7 Jun 2018 0:09
O género musical nunca terá sido um modelo profundamente enraizado na produção italiana. O que não nos impede de reconhecer que há uma multifacetada musicalidade que percorre muitos capítulos do cinema de Itália. Curiosamente, quem sempre se interessou pela música no cinema foi Federico Fellini. Com ironia, e também um toque de nostalgia.
No caso de "Ginger e Fred", a música parece vir de tempos remotos. E vem mesmo. São temas clássicos que serviram de pano de fundo a inesquecíveis momentos de dança com Fred Astaire e Ginger Rogers. Mas agora no presente em que o próprio filme foi rodado — Fellini encena um par que surge como uma reencarnação simbólica de Fred Astaire e Ginger Rogers.
Ginger é interpretada por Giulietta Masina, a mulher de Fellini. E Fred surge retratado pelo seu grande amigo Marcello Mastroianni. Tal como Fellini os encena, Ginger e Fred não são apenas uma memória nostálgica de uma idade de ouro do espectáculo — surgem também como novos figurantes de um outro tipo de espectáculo, agora televisivo, em que a sua arte, em boa verdade, passou a ser tratada de forma paternalista.
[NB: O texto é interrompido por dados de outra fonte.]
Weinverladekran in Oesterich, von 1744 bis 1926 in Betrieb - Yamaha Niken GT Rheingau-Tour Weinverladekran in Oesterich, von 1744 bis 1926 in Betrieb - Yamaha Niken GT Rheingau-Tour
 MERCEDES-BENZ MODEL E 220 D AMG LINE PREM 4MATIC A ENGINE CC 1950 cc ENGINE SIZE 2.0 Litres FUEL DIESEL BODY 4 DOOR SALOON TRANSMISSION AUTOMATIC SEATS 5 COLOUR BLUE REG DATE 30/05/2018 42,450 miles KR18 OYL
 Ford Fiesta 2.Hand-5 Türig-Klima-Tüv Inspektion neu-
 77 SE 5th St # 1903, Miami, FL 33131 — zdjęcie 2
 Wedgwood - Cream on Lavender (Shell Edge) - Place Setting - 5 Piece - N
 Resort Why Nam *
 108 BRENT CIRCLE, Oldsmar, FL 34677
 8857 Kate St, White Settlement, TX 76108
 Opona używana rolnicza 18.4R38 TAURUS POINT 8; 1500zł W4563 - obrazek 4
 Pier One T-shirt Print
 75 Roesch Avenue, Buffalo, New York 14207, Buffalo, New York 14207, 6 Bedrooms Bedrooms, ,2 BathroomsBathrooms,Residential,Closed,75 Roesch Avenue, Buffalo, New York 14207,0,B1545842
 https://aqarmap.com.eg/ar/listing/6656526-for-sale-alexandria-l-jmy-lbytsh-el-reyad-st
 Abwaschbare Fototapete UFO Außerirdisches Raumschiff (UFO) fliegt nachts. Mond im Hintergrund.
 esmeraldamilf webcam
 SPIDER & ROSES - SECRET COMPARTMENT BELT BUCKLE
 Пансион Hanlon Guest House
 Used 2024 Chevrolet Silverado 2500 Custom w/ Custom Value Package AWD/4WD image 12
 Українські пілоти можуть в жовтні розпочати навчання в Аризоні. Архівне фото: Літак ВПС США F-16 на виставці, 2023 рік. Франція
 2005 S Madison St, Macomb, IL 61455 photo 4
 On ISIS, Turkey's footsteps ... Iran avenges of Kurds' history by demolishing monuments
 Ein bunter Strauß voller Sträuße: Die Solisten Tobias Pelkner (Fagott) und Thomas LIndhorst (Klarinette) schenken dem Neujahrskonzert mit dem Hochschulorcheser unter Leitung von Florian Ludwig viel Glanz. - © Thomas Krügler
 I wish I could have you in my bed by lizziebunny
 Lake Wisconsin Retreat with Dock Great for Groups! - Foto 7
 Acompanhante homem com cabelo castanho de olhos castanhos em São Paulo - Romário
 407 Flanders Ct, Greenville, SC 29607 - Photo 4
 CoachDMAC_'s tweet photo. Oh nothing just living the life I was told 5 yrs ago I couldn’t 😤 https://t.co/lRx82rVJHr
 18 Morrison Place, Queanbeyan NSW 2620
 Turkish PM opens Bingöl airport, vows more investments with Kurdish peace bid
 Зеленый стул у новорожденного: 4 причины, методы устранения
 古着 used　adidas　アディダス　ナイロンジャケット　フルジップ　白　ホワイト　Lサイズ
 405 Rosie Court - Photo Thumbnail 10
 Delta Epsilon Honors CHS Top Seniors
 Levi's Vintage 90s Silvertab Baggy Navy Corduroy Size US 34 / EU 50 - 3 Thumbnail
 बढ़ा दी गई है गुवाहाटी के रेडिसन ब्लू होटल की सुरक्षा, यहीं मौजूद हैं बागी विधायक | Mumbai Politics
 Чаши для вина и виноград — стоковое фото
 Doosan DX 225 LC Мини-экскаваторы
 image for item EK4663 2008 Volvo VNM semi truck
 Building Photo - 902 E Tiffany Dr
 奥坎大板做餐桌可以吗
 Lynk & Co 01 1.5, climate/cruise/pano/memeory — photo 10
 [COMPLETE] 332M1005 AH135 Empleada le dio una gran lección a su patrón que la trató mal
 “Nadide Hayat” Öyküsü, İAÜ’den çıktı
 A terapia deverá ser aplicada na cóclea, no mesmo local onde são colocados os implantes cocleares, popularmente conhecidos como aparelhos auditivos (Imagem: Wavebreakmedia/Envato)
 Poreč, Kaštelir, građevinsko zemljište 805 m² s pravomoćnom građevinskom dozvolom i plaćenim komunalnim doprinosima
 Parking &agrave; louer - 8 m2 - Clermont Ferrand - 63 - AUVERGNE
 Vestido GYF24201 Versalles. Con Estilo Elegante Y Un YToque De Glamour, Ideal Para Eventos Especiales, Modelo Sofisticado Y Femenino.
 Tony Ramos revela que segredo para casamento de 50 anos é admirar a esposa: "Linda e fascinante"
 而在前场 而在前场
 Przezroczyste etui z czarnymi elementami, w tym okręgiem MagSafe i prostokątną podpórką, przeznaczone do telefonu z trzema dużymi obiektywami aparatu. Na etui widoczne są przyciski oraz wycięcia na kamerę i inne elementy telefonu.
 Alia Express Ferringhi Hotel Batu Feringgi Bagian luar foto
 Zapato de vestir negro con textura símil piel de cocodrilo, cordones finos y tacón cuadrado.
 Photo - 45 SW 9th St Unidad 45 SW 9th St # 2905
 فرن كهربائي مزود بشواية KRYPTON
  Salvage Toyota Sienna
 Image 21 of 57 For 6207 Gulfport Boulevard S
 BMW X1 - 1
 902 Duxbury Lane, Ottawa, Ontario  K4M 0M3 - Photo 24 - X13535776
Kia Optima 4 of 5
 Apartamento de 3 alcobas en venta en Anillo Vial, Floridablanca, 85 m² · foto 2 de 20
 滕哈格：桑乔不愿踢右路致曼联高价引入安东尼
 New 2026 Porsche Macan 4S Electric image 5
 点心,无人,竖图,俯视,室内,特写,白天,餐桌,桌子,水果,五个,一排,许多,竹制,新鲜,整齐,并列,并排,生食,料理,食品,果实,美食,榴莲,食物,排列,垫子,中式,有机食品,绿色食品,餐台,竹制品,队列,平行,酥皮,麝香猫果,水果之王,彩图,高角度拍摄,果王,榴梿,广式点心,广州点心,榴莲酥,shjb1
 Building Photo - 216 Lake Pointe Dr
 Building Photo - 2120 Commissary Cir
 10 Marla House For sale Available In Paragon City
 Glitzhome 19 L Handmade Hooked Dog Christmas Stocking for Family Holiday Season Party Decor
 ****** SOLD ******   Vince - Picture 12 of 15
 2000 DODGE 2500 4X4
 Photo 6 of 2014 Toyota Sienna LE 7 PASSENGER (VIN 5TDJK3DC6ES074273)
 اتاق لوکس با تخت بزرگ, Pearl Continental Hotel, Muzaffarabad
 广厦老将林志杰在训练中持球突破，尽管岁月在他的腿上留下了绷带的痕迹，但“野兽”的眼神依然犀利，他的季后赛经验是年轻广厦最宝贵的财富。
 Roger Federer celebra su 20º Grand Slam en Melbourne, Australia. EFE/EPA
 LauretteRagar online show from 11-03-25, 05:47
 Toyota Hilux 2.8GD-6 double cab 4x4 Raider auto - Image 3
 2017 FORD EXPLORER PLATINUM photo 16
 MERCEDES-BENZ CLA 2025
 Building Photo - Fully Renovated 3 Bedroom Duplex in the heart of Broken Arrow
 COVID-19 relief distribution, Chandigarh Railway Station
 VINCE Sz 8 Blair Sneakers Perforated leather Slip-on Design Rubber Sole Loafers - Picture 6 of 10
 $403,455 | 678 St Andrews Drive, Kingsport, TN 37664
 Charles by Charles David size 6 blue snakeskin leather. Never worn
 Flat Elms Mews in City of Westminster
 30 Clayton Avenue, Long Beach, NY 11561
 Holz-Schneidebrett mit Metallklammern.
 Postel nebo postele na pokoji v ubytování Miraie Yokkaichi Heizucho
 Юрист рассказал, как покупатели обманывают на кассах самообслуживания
Realizado em 1986, “Ginger e Fred” ficou como um dos filmes que espelha de forma mais crítica, e também mais desencantada, o modo como Fellini observava o crescente populismo da televisão em Itália. Foi um dos seus títulos finais (só dirigiu mais dois, “Entrevista” e “ A Voz da Lua”, respectivamente em 1987 e 1990) — é um objecto que revemos agora como um retrato da produção italiana em meados da década de 80 e também uma evocação magoada dos tempos míticos de Fred Astaire e Ginger Rogers.